Gregory Szorc wrote:
Please read my
own proposal for reworking the extension interface at:
http://mail.wikipedia.org/pipermail/wikitech-l/2006-July/037035.html
Posted to this list 10 days ago.
Forgive my ignorance. I read the first few paragraphs of the post when it
was originally sent and ignored the rest, just thinking it was another
Wikipedia-only message. Now, having read it...
I do like your proposal for static objects being initialized as-needed.
There is great power in the just-in-time object::getInstance() method.
However, one of my criticisms of MediaWiki's architecture has always been
the over dependence on global objects, which are in some ways like static
classes using the Singleton pattern (see
http://blog.case.edu/gps10/2006/07/22/why_global_variables_in_php_is_bad_pr…
why I don't like global objects). I would much rather see the Wiki
class contain these "global objects" as static variables which can be
accessed via a just-in-time getObject() static call to the Wiki class. This
sounds like the same approach as the proposed wfGetFoo() methods (it
basically is), but polluting the global symbol table with objects and
functions not belonging to classes is unecessary when these could all belong
to a master Wiki class. If you don't buy the "don't do it because you'd
be
polluting the symbol table" argument, do it for the sake of keeping
everything organized into classes. Do wfGetFoo() functions really belong in
the global namespace, or do they belong to a class representing a wiki?
Hell, if you get rid of all the global functions and attach them to existing
classes, that is one less file to include! </rant on global objects>
I'll answer this at the end.
If you are talking about 500us, why are there still
require and require_once
calls in the trunk? These both require system calls (require_once actually
requires an additional one and hence is slower). I know work has been done
developing the __autoload function (if you ever commit to 5.1,
spl_autoload_register() is preferred), but at the level of commitment you
give to performance, every require_once has to seem like a monkey on your
back.
I got rid of about half of the require_once calls from Setup.php in
localisation-work. The remaining ones are mostly for global functions.

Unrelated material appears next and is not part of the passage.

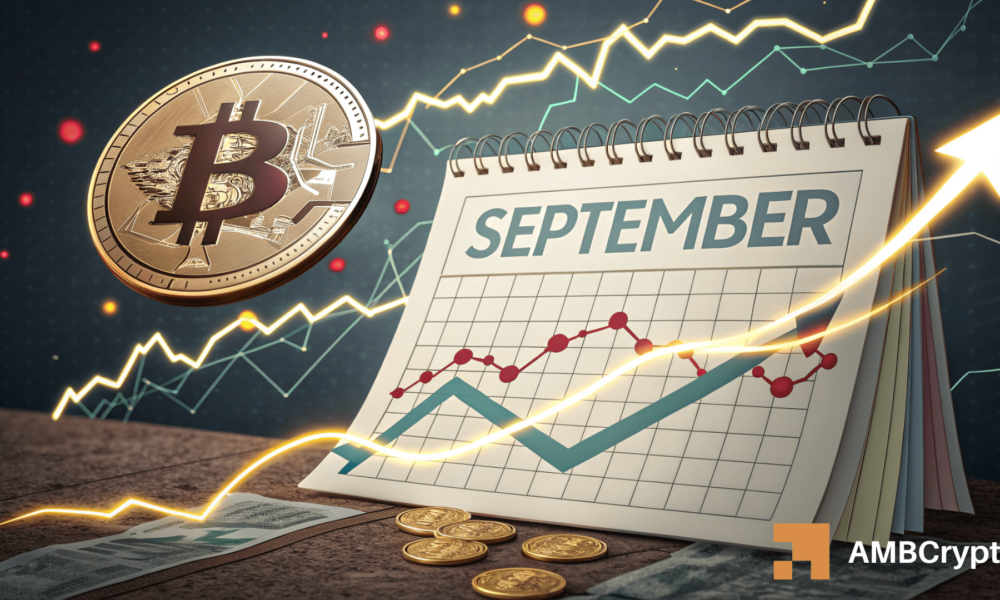Bitcoin defies September slump: Mapping BTC's path to $130K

Also, how do you accurately profile MediaWiki?
I've used xdebug and
Kcachegrind to profile scripts before, but it always bothers me because I
cannot use xdebug alongside APC or eaccelerator to get results reflective of
my production deployment. I know APC and eaccelerator completely change the
chokepoints, but it is impossible for me to see what the new chokepoints
are!
http://noc.wikimedia.org/cgi-bin/report.py
Data is generated with ProfilerSimpleUDP. Averaging over a million requests
gives you excellent accuracy, thanks to the central limit theorem. However,
that data may be subject to slight systemic inaccuracies due to the
profiling overhead.
Can you feed MediaWiki's internal profiling output
into Kcachegrind?
No.
Now, getting back to the topic of extensions. For a
base extension class, I
was thinking of an abstract class that has numerous methods,
providesSpecialPage(), providesHook(), providesWhichHooks(),
providesParserTags(), etc. Let's say we establish a defined extensions root
directory. When MediaWiki loads, it periodically checks this directory for
all files representing extensions and loads them (perhaps this is triggered
manually via CRON, Special Page, filemtime(), etc). When the extensions are
loaded from the directory, a map is established that records the abilities
of each. This map is serialized for quick retrieval. Whenever MediaWiki
loads, it just goes to the map and loads extensions just-in-time. This
would require an extension manager class that would initialize extensions as
called for by the map. For example, when the parser sees a tag it doesn't
recognize, it would go
ExtensionManager::getExtensionForParserTag($foo)->parse($content); Or, when
a special page is called, we have
ExtensionManager::executeSpecialPage($foo); For hooks, the same deal.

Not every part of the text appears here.